Excerpts from a dataset:
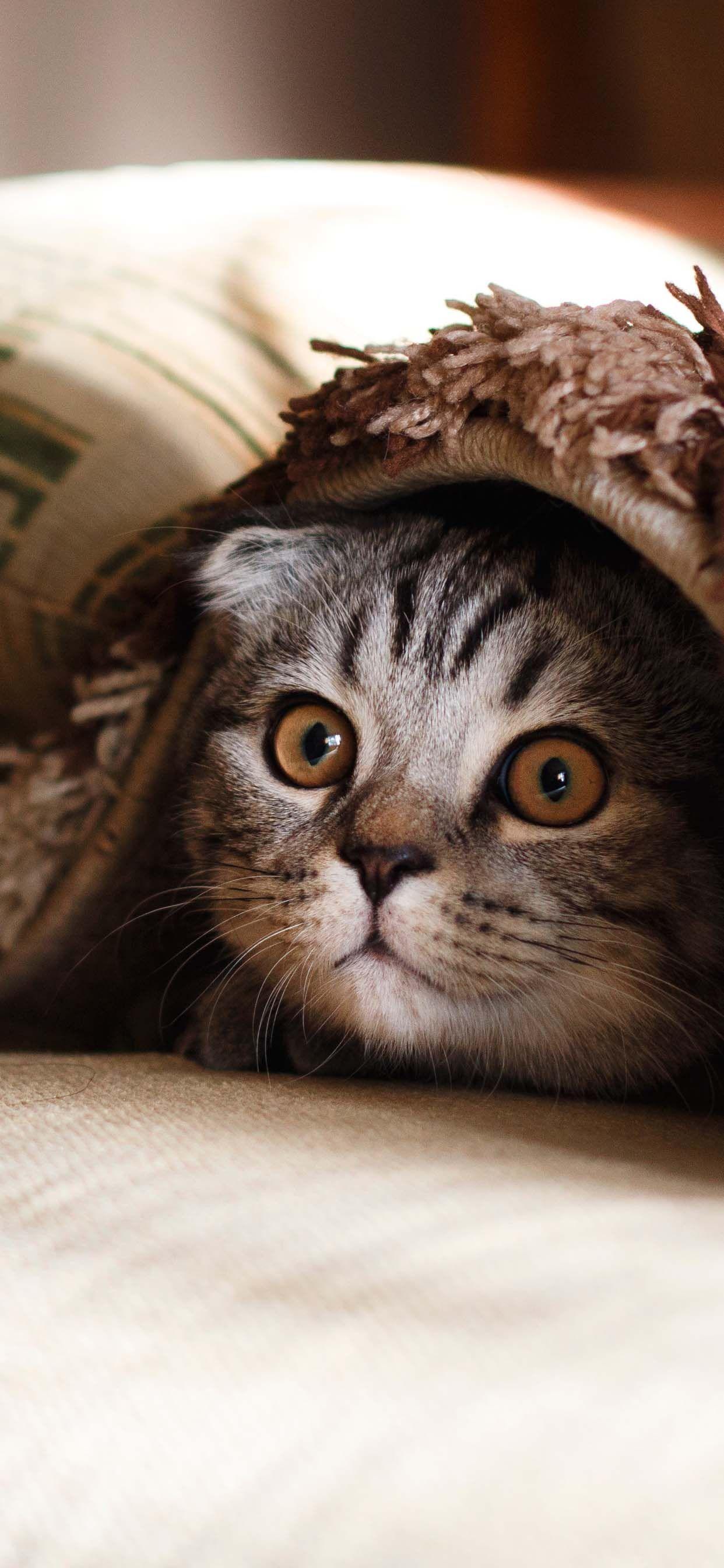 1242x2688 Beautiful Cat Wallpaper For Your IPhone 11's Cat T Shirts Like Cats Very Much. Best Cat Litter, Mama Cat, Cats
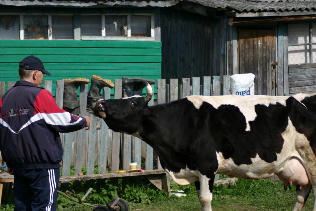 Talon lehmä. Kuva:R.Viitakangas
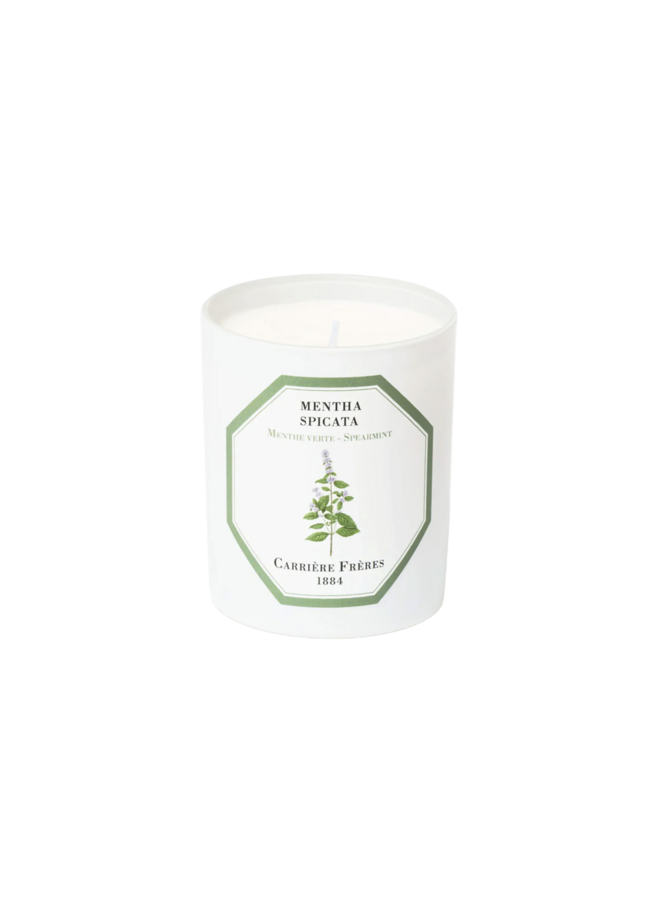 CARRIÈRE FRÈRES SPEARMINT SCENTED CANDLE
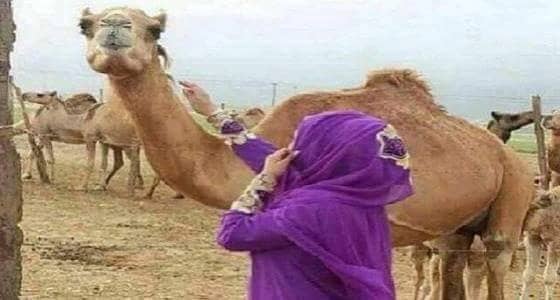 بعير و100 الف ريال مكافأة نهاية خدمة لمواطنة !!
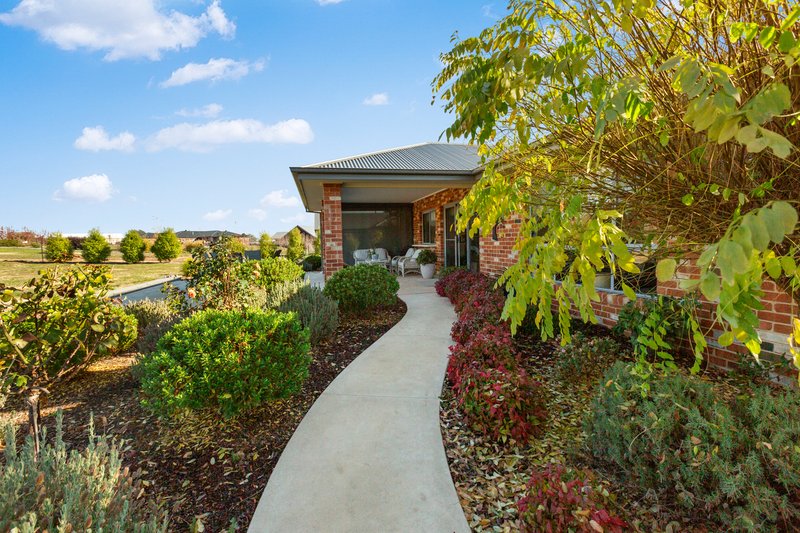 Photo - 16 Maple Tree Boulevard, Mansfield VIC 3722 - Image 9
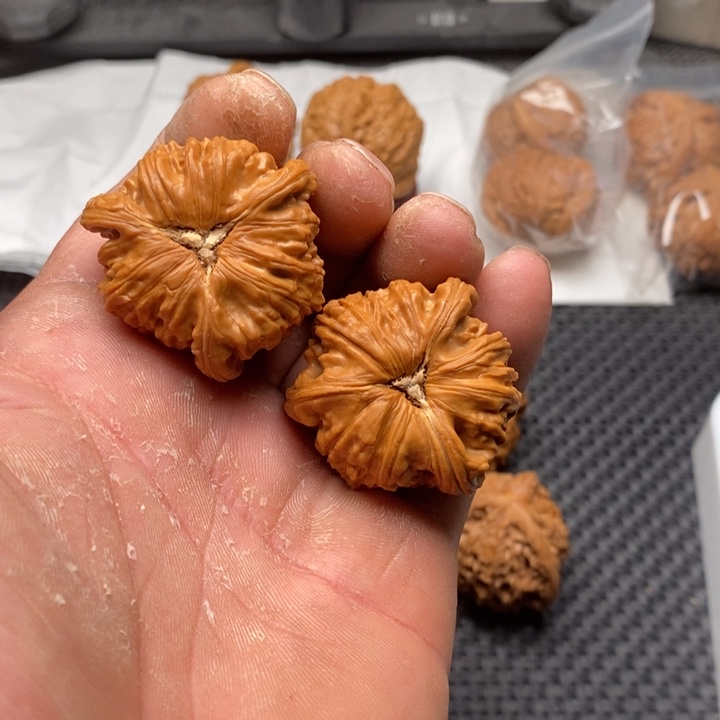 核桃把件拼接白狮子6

==

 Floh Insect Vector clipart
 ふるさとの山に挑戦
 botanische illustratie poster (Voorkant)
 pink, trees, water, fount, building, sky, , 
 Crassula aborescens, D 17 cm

* _Task objective_
Take the lines above from the one containing "botanische illustratie poster (Voorkant)" down to the one containing "Crassula aborescens, D 17 cm", and transcribe them exactly, both ends included.

* _Result of the task_
 botanische illustratie poster (Voorkant)
 pink, trees, water, fount, building, sky, , 
 Crassula aborescens, D 17 cm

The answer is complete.